# Try it
Repeat the entries exactly as they appear.

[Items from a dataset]
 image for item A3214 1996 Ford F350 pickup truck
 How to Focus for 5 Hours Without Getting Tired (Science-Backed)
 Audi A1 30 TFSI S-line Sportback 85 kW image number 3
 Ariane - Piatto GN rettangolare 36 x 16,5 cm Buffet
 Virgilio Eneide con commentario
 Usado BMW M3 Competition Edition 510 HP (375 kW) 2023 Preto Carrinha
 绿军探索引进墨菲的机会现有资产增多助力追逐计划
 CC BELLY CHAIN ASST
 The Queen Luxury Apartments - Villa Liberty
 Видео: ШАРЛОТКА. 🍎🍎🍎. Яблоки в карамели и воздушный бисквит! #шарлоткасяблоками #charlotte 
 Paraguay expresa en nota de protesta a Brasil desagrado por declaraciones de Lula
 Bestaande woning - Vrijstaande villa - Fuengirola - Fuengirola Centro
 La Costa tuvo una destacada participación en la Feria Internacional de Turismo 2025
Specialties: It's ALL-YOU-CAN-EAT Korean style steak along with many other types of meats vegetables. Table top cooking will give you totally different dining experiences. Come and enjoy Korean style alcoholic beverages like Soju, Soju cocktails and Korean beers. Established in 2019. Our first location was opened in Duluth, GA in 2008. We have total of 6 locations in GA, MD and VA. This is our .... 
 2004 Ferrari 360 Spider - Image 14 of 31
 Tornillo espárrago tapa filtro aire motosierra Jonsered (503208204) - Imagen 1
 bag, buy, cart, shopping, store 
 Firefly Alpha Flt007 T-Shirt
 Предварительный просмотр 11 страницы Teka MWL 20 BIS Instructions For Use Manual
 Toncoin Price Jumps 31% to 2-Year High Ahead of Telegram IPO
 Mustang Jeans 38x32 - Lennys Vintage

# Exercise answer
 image for item A3214 1996 Ford F350 pickup truck
 How to Focus for 5 Hours Without Getting Tired (Science-Backed)
 Audi A1 30 TFSI S-line Sportback 85 kW image number 3
 Ariane - Piatto GN rettangolare 36 x 16,5 cm Buffet
 Virgilio Eneide con commentario
 Usado BMW M3 Competition Edition 510 HP (375 kW) 2023 Preto Carrinha
 绿军探索引进墨菲的机会现有资产增多助力追逐计划
 CC BELLY CHAIN ASST
 The Queen Luxury Apartments - Villa Liberty
 Видео: ШАРЛОТКА. 🍎🍎🍎. Яблоки в карамели и воздушный бисквит! #шарлоткасяблоками #charlotte 
 Paraguay expresa en nota de protesta a Brasil desagrado por declaraciones de Lula
 Bestaande woning - Vrijstaande villa - Fuengirola - Fuengirola Centro
 La Costa tuvo una destacada participación en la Feria Internacional de Turismo 2025
Specialties: It's ALL-YOU-CAN-EAT Korean style steak along with many other types of meats vegetables. Table top cooking will give you totally different dining experiences. Come and enjoy Korean style alcoholic beverages like Soju, Soju cocktails and Korean beers. Established in 2019. Our first location was opened in Duluth, GA in 2008. We have total of 6 locations in GA, MD and VA. This is our .... 
 2004 Ferrari 360 Spider - Image 14 of 31
 Tornillo espárrago tapa filtro aire motosierra Jonsered (503208204) - Imagen 1
 bag, buy, cart, shopping, store 
 Firefly Alpha Flt007 T-Shirt
 Предварительный просмотр 11 страницы Teka MWL 20 BIS Instructions For Use Manual
 Toncoin Price Jumps 31% to 2-Year High Ahead of Telegram IPO
 Mustang Jeans 38x32 - Lennys Vintage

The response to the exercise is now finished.